ECLI:NL:CRVB:2022:343
Centrale Raad van Beroep
- Hoger beroep
- Rechtspraak.nl
Beëindiging van ZW-uitkering en geschiktheid voor maatgevende arbeid na ziekte
In deze zaak heeft de Centrale Raad van Beroep op 10 februari 2022 uitspraak gedaan in hoger beroep tegen een eerdere uitspraak van de rechtbank Zeeland-West-Brabant. De appellant, die als medewerker in een kledingmagazijn werkte, had zich op 27 mei 2019 ziekgemeld vanwege rugklachten. Het Uitvoeringsinstituut werknemersverzekeringen (Uwv) kende hem een Ziektewet (ZW) uitkering toe, maar beëindigde deze per 31 september 2019 op basis van een medische beoordeling. De rechtbank verklaarde het beroep van de appellant tegen deze beslissing ongegrond, wat leidde tot het hoger beroep.

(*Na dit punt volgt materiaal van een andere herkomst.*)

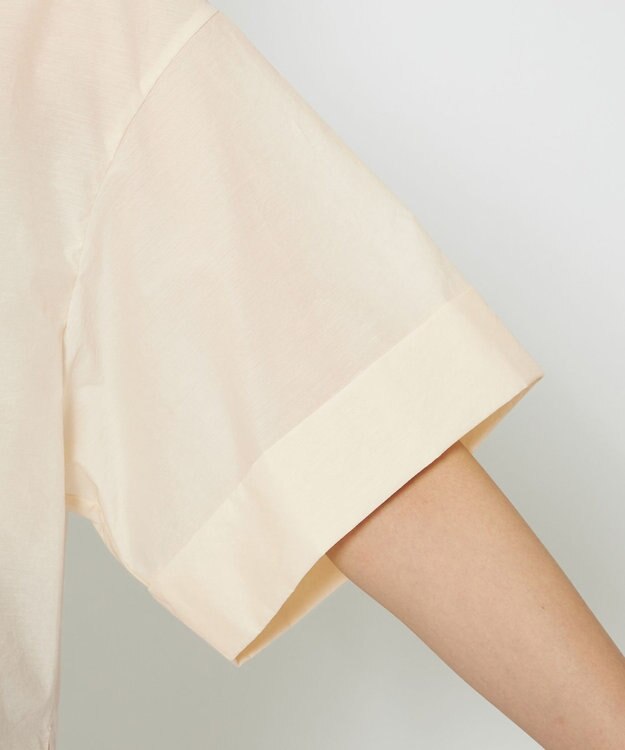 uncrave 【手洗い可】シアー ブラウス（uncrave WHITE） エクリュ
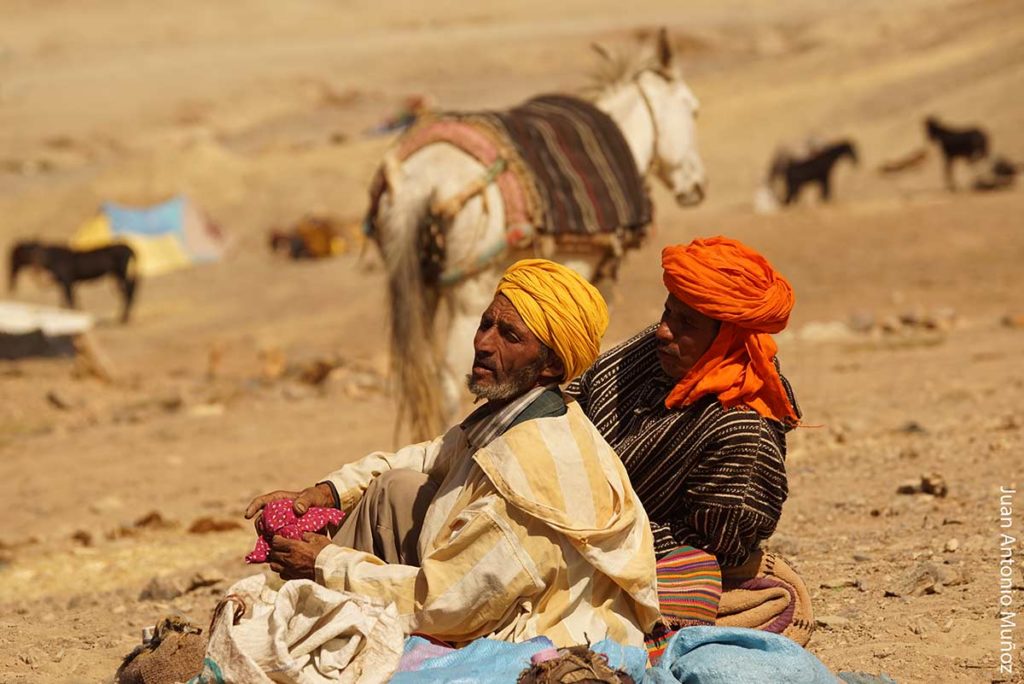 Descansando en campamento Marruecos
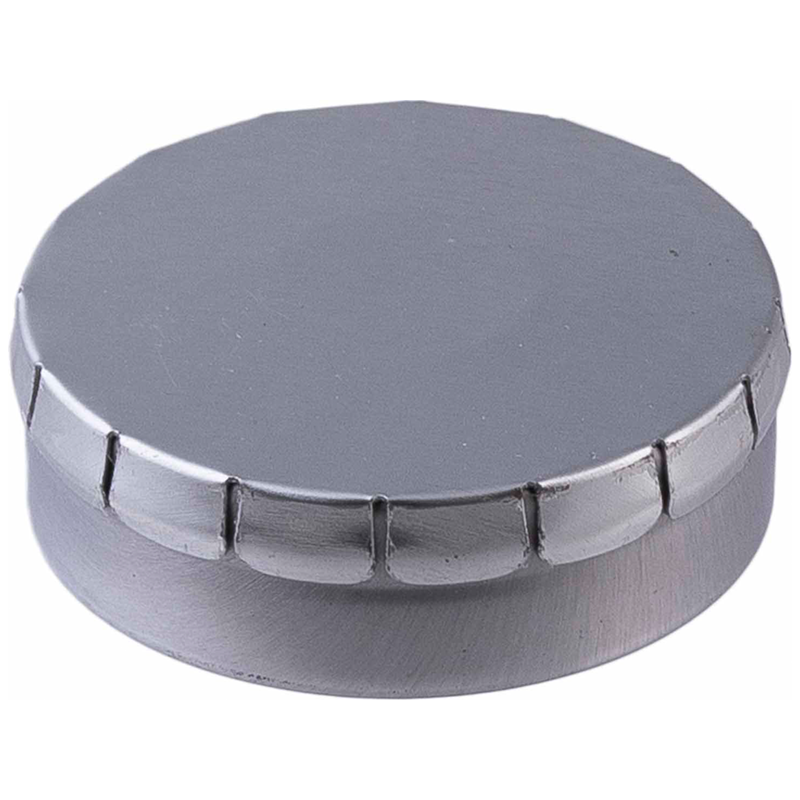 Pepermunt super mini clic clac blikje-Zilver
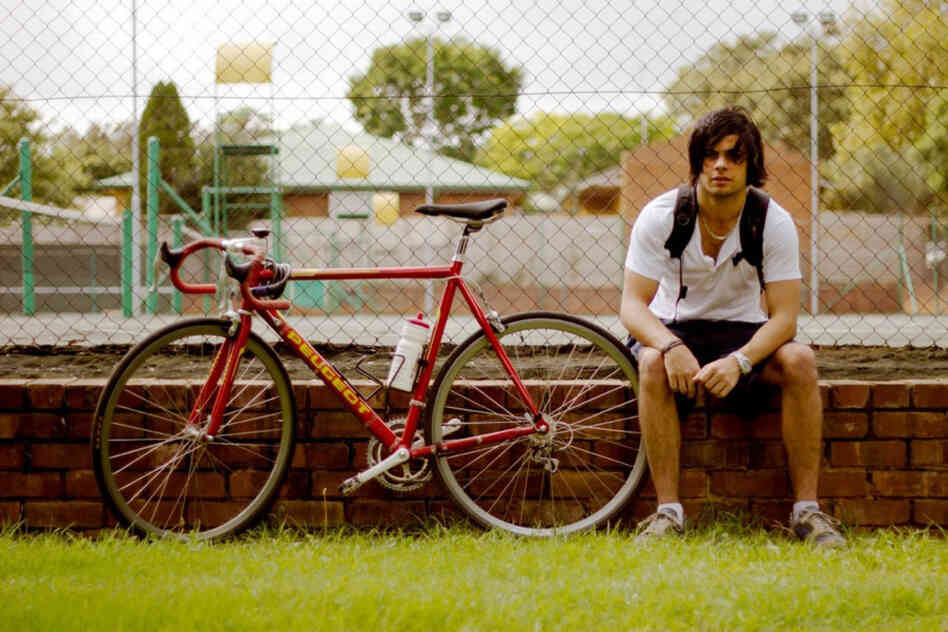 Ryden Allmark: "I have a car, but if I can use the bike, I use the bike. It was my dad's. ... I think he has had it about as long as he's had me; I'm 21. So it's quite an old bike, but he has taken good care of it. ... It saves me time in traveling; it's more convenient."
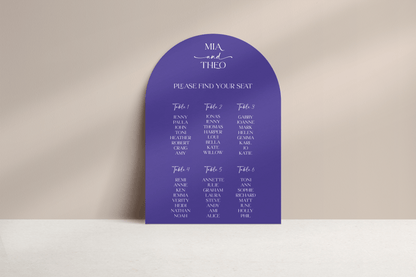 Mia Table Plan Sign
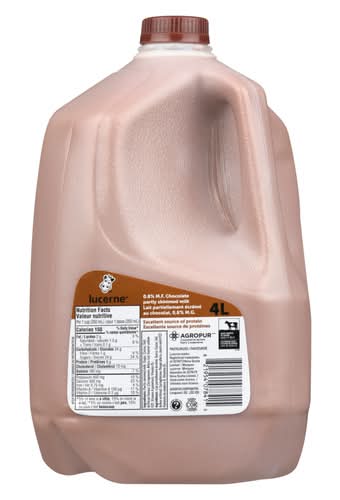 Lucerne 0.8% Skimmed Milk, Chocolate (4 L)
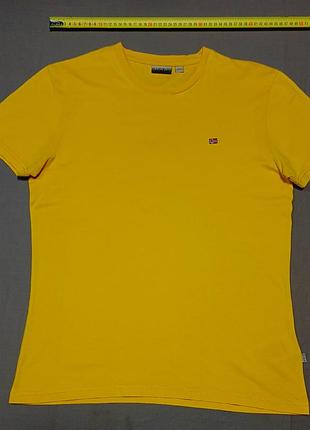 Плечи 45 см napapijri size s желтая футболка 100% cotton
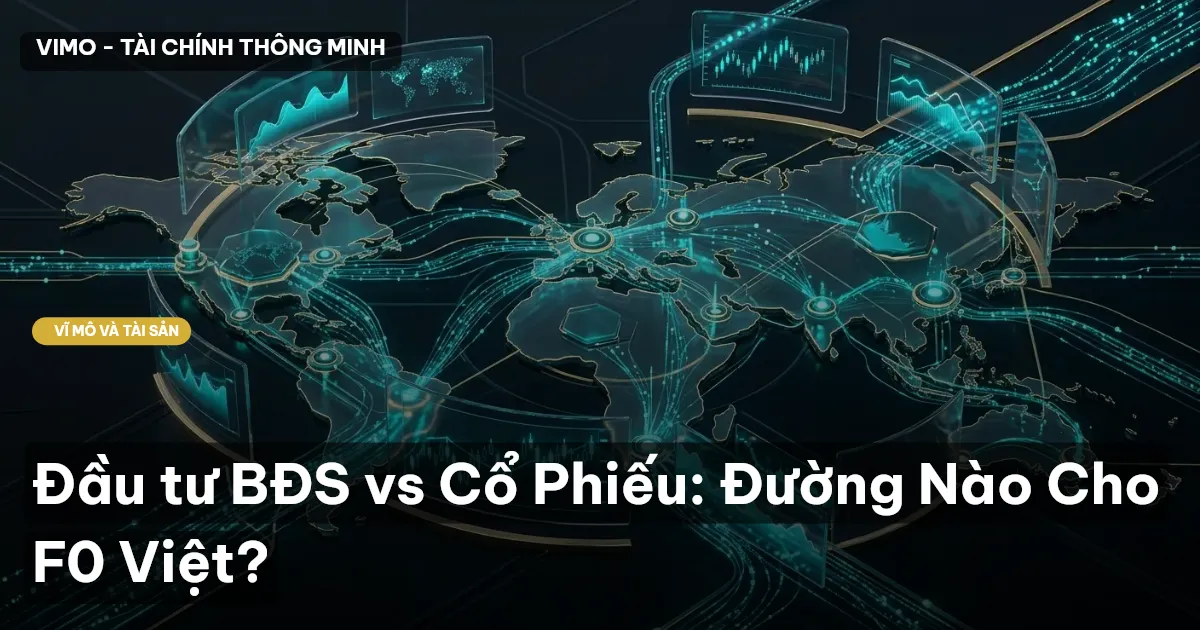 Đầu tư BĐS vs Cổ Phiếu: Đường Nào Cho F0 Việt?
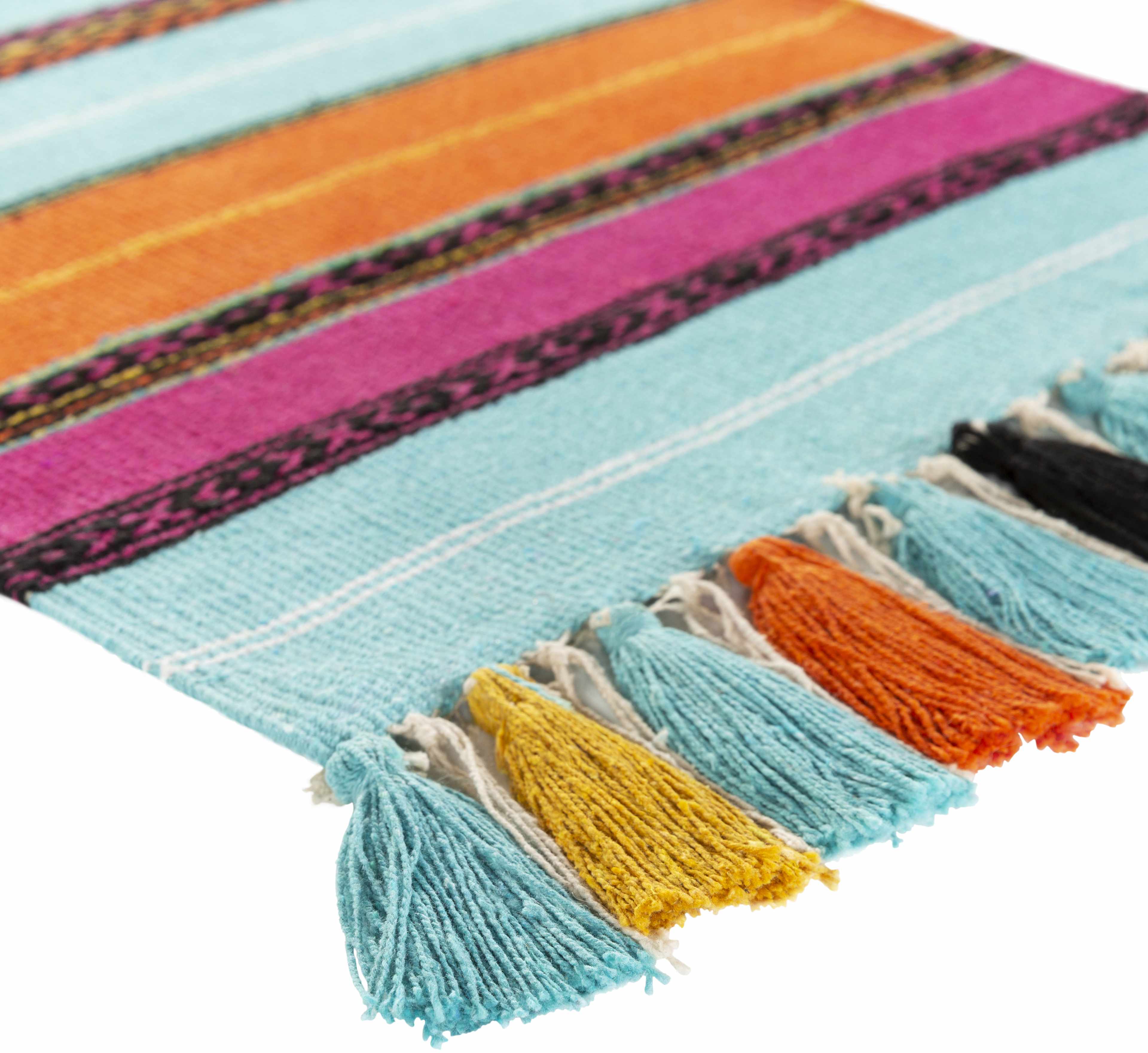 Wiri Multicolor Striped Tassel Wall Hanging - Image 5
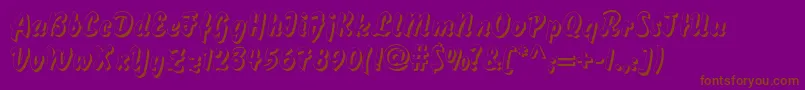 DsBisonShadow Font – Brown Fonts on Purple Background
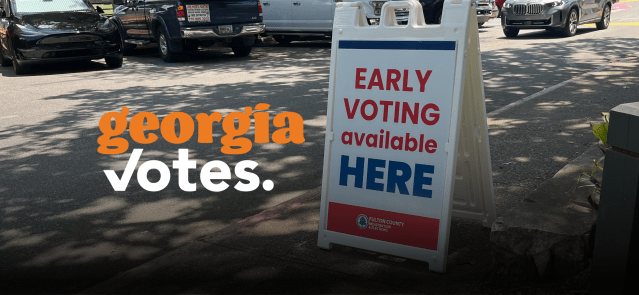 early voting sign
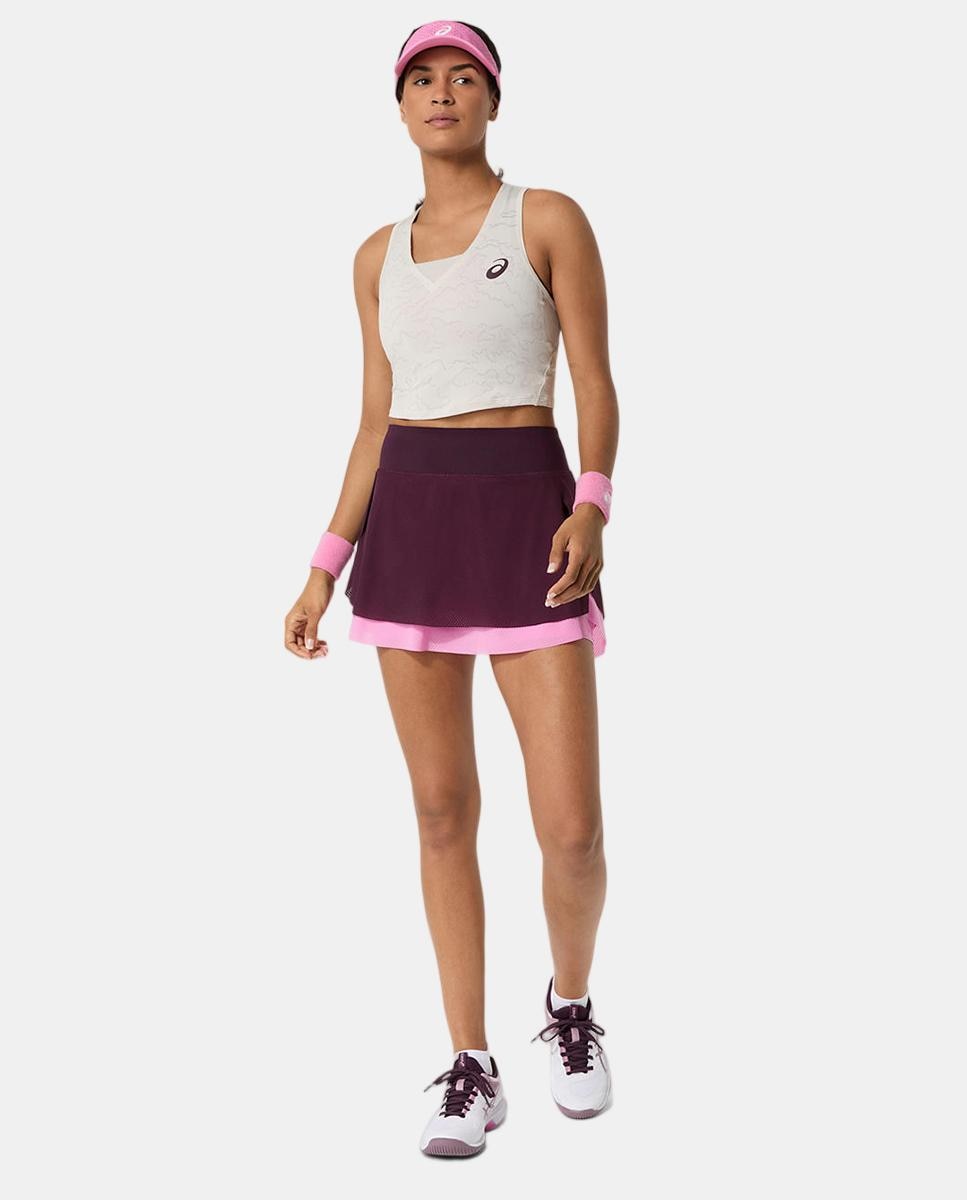 T-shirt de Mulher Match Jacquard Crop Top Natural-3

De Centrale Raad oordeelde dat het Uwv voldoende had gemotiveerd dat de appellant per 31 september 2019 weer geschikt was voor zijn arbeid. De verzekeringsartsen hadden geen objectieve afwijkingen van de rug kunnen vaststellen en concludeerden dat de appellant aspecifieke rugklachten had die een normale belasting van de rug niet in de weg stonden. De Raad onderschreef de overwegingen van de rechtbank en oordeelde dat de appellant in hoger beroep geen nieuwe medische stukken had ingebracht die aanleiding gaven tot twijfel aan de bevindingen van de verzekeringsartsen.
De Raad bevestigde de uitspraak van de rechtbank en oordeelde dat er geen aanleiding was voor een veroordeling in de proceskosten. De uitspraak werd openbaar uitgesproken op 10 februari 2022.